This chapter focuses on the content of human emotions from a structural point of view. The various elements of emotion identified in this discussion will figure in the next chapter's account on the dynamics of emotion. I divide my discussion on the role of cognition in emotion into these two approaches because even if almost all theorists pay lip service to the dynamic character of emotions, most of them -and philosophers in particular with the exception of Jenefer Robinson (2005) -have remained firmly on the structural side in their accounts of emotional content. However, both perspectives must be kept in sight if we want to understand what emotions truly are.

The question about the role of cognition in emotion can be put at two different levels of analysis, functional and algorithmic, identified in the introductory chapter. Existing theories of emotion seldom distinguish between these two levels, which makes it difficult to evaluate and compare their claims about the involvement of cognition in emotion.
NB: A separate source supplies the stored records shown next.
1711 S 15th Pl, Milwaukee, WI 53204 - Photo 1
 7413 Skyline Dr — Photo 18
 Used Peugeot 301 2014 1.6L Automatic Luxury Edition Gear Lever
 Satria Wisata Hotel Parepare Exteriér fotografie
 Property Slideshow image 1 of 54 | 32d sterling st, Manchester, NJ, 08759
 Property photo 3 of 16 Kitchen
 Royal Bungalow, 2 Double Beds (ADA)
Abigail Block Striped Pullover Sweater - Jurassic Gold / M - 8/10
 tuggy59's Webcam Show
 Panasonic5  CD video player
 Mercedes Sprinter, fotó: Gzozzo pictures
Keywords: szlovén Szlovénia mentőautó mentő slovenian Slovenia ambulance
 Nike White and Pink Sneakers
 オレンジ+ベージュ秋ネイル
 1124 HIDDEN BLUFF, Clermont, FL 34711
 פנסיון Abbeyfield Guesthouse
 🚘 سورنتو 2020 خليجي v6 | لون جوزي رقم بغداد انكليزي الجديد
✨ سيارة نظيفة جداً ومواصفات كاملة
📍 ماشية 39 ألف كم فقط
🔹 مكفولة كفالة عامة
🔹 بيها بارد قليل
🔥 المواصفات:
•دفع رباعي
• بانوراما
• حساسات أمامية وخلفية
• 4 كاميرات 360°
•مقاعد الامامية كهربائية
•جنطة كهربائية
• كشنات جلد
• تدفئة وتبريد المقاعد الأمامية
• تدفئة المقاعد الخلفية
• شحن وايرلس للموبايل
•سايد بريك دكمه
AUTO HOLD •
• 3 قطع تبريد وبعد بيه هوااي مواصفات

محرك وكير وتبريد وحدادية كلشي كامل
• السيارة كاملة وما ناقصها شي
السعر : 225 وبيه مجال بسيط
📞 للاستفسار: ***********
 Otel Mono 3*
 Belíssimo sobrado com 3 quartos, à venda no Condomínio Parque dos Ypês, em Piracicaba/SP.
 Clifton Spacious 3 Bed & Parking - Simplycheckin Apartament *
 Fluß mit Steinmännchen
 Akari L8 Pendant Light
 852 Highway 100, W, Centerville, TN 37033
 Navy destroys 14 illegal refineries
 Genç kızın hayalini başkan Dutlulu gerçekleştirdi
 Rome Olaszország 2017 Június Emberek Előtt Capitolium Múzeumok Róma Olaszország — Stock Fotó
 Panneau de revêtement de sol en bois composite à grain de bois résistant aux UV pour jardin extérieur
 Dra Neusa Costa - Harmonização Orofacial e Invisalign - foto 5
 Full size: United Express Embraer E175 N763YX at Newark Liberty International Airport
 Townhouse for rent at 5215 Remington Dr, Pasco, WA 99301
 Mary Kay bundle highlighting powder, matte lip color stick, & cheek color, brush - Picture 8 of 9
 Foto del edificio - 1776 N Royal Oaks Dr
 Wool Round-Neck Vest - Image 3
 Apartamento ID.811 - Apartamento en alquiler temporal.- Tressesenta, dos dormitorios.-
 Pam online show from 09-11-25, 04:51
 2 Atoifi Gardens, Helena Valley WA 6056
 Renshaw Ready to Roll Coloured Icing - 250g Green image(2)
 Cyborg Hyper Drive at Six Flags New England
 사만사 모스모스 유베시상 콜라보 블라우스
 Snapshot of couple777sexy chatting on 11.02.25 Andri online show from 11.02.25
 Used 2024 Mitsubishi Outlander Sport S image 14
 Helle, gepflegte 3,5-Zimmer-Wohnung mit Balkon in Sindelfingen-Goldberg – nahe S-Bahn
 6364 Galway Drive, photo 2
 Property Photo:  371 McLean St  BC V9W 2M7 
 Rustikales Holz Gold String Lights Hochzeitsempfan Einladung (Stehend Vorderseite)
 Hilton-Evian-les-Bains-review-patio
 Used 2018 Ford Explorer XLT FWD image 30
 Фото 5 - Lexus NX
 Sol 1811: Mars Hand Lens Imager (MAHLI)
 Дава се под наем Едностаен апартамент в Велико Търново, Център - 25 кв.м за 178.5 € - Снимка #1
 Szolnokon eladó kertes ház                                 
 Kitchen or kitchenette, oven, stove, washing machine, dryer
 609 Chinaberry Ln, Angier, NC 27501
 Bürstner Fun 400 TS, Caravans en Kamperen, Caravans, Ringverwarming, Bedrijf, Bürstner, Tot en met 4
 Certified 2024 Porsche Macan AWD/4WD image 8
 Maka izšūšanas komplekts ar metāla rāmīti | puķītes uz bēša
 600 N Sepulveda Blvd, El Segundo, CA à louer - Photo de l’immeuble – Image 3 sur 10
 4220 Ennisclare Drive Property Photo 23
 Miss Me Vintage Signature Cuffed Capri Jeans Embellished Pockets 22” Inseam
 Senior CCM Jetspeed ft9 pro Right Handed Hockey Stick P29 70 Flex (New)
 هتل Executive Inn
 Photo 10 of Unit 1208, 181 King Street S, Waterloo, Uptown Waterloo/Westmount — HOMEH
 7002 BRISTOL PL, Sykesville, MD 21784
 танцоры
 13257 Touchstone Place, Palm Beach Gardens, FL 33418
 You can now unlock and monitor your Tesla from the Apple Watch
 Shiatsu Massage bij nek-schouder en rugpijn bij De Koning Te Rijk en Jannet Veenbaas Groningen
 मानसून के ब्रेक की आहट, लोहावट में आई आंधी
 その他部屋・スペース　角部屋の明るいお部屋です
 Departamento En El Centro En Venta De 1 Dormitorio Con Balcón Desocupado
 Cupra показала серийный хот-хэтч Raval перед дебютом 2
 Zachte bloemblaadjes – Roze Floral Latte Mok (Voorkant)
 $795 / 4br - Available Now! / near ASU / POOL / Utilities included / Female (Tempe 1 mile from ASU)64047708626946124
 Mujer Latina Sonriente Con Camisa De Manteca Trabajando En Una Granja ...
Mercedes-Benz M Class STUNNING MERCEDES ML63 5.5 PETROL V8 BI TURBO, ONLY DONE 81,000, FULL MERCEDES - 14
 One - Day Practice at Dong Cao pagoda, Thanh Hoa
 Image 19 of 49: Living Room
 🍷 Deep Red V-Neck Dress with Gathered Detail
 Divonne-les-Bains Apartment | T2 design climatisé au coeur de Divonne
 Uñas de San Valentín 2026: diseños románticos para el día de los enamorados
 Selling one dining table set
Therefore, I have decided to separate these two levels of analysis in order to put the cognitive claim into a more comprehensive test. Another issue at stake is the robustness of the cognitive claim. Emotions are cognitive in a less robust sense if they involve cognition at only one level of analysis than if they involve cognition at both functional and algorithmic levels of analysis. I shall suggest that something like this is the case: that cognition is always involved in emotion at the functional level of analysis, whereas emotions divide into two kinds, cognitive and noncognitive, at the algorithmic level of mechanisms and types of representation. However, this distinction makes sense only from the structural perspective that does not take into consideration the interaction and integration of different kinds of processes and representations that occur in actual human emotions. This dynamic approach to the role of cognition on emotion will be taken up in the next chapter in which I shall argue that even those post-infantile human emotions that are triggered by noncognitive representations and processes involve cognition at the later stages of appraisal and emotion regulation that should be seen as parts of emotion. Therefore, all post-infantile human emotions qualify as robustly cognitive also at the algorithmic level of analysis. This chapter will focus on building a typology of those representations and processes that figure in the dynamic account.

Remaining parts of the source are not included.